Select Columns with filter()
The filter() method selects columns (or rows) by name patterns. It does not filter rows by value -- instead, it filters column labels.
# Select columns that contain "er"
df.filter(like='er', axis=1)
# Returns: customer, order_id columns
# Select columns matching a regex
df.filter(regex=r'^(product|amount)$', axis=1)
# Select specific columns by name
df.filter(items=['customer', 'amount', 'region'])This is useful when you want to select columns from a wide DataFrame without listing each column name individually.
Multi-Column Filtering with &, |, ~
Complex real-world filters usually involve multiple columns. Use & (AND), | (OR), and ~ (NOT) operators. Always wrap each condition in parentheses.

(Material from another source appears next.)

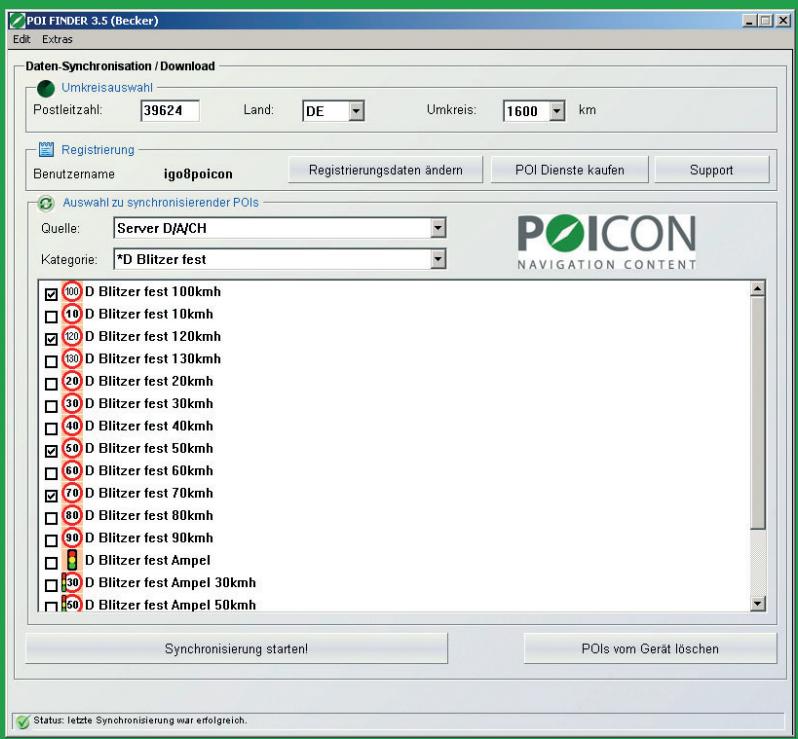 BECKER TRAFFIC ASSIST Z100 - Synchronisation des POI - 3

# Completed orders over $500 from East or North regions
result = df[
(df['status'] == 'completed') &
(df['amount'] > 500) &
(df['region'].isin(['East', 'North']))
]
print(result)# Orders that are either high-value OR from a specific customer
result = df[
(df['amount'] > 1000) | (df['customer'] == 'Bob')
]
print(result)A common mistake is using Python's and/or keywords instead of &/|. Python's and/or evaluate entire Series as a single boolean, which raises a ValueError. Always use the bitwise operators with parentheses.
# WRONG - raises ValueError
# df[df['amount'] > 500 and df['region'] == 'East']
# CORRECT
df[(df['amount'] > 500) & (df['region'] == 'East')]Filtering Missing Values with isna() and notna()

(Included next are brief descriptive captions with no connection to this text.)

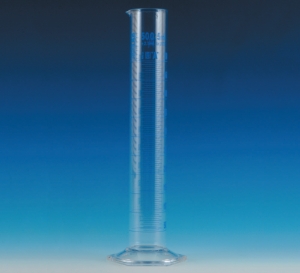 Measuring cylinder 25 ml, tall form glass, cl.A, blue scale, glass base, batch certified_9274172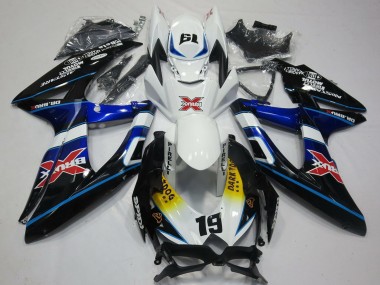 Erschwingliche Suzuki GSXR 600 / GSXR 750 Motorrad Verkleidung 2008-2010 - Weiss Blau Schwarz Gelb Rot X Dunkel Dog 19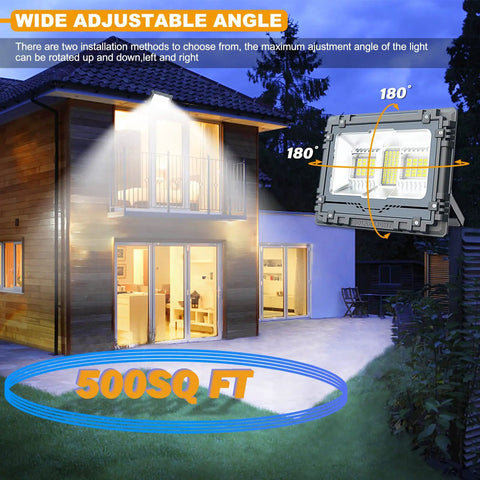 Beastly Bright Outdoor Solar Flood Light With Remote 600 Lumen 80 LED IP65 Aluminum Alloy Security Light illuminating house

Missing data is common in real datasets. Pandas provides isna() (alias isnull()) and notna() (alias notnull()) to filter based on missing values.
# Rows where customer is missing
missing_customer = df[df['customer'].isna()]
print(missing_customer)
# Rows where customer is NOT missing
valid_customer = df[df['customer'].notna()]
print(valid_customer)You can combine missing value checks with other conditions:
# Completed orders with a known customer
result = df[(df['customer'].notna()) & (df['status'] == 'completed')]
print(result)For strategies on handling missing data beyond filtering, see our pandas missing values guide and pandas fillna guide.
Searching Across All Columns
Sometimes you need to find a value that could appear in any column of the DataFrame, not just one specific column.
# Find rows where any column equals "Laptop"
rows_with_laptop = df[df.eq('Laptop').any(axis=1)]
print(rows_with_laptop)For string search across all string columns:
# Search for "East" in any column
mask = df.apply(lambda col: col.astype(str).str.contains('East', na=False))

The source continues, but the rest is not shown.